■ Data to use:
========================================

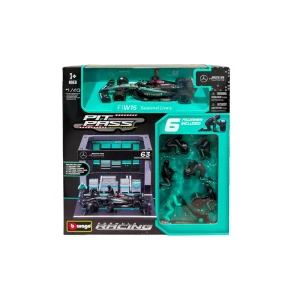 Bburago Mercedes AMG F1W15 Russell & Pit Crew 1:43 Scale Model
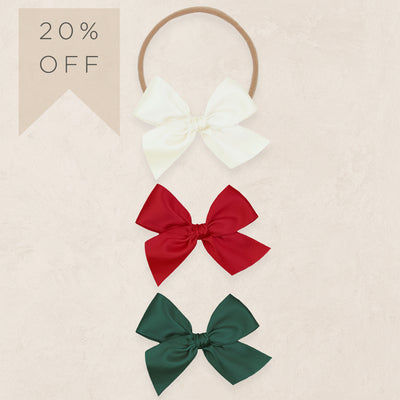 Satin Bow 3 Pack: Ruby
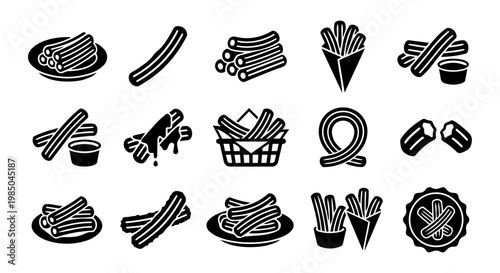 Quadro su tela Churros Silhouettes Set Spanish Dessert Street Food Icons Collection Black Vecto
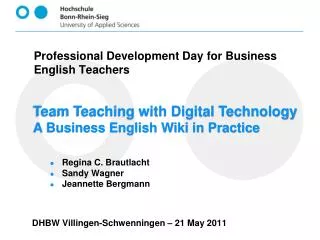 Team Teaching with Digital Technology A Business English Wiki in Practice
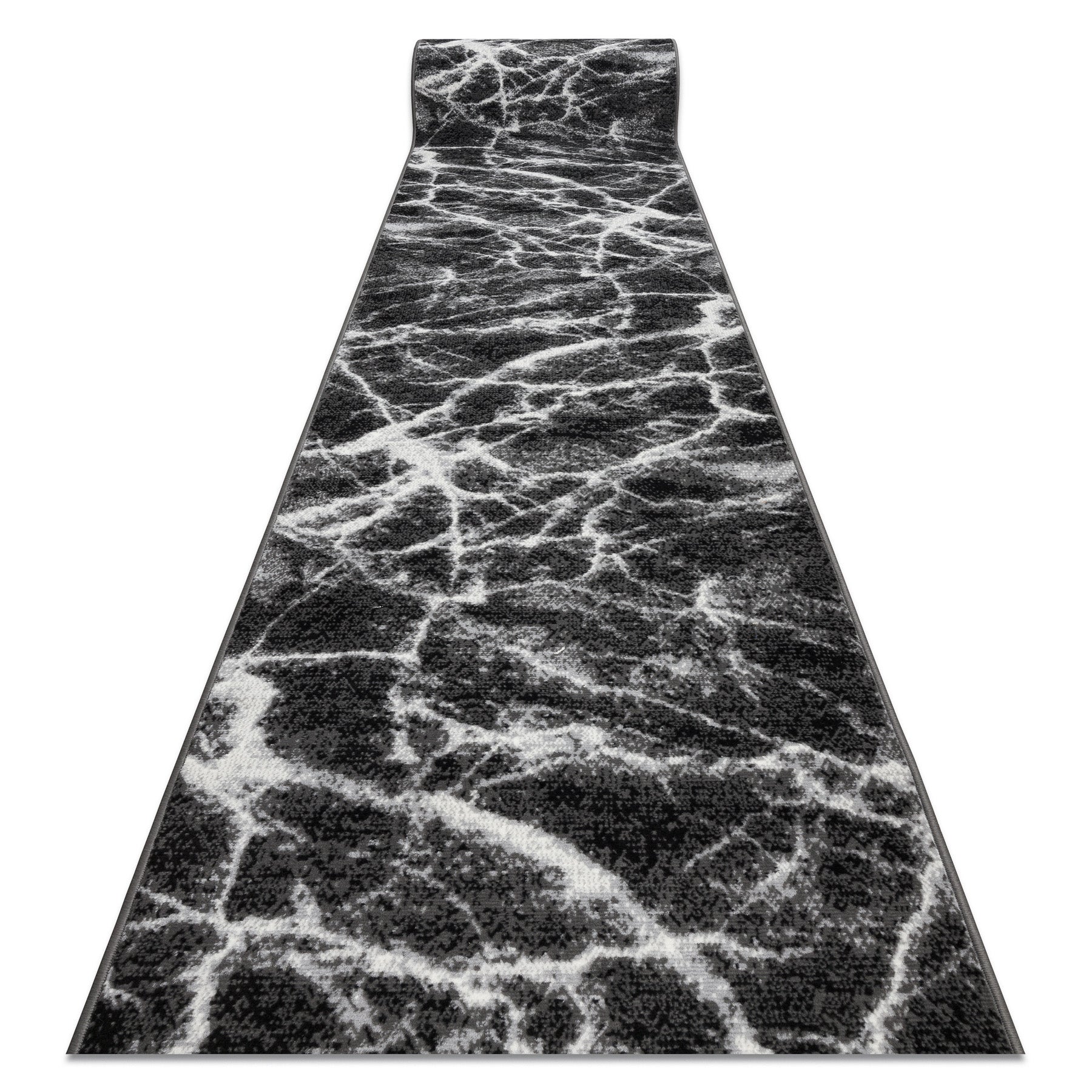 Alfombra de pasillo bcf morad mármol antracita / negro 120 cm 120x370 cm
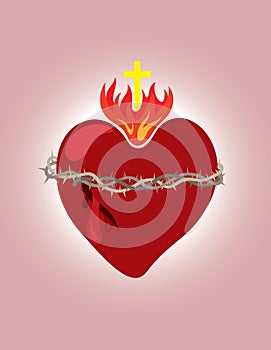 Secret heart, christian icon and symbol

========================================

■ Assignment: Skip every picture and return the lines above from the top through the one that contains "Alfombra de pasillo".

■ Answer box:
 Bburago Mercedes AMG F1W15 Russell & Pit Crew 1:43 Scale Model
 Satin Bow 3 Pack: Ruby
 Quadro su tela Churros Silhouettes Set Spanish Dessert Street Food Icons Collection Black Vecto
 Team Teaching with Digital Technology A Business English Wiki in Practice
 Alfombra de pasillo bcf morad mármol antracita / negro 120 cm 120x370 cm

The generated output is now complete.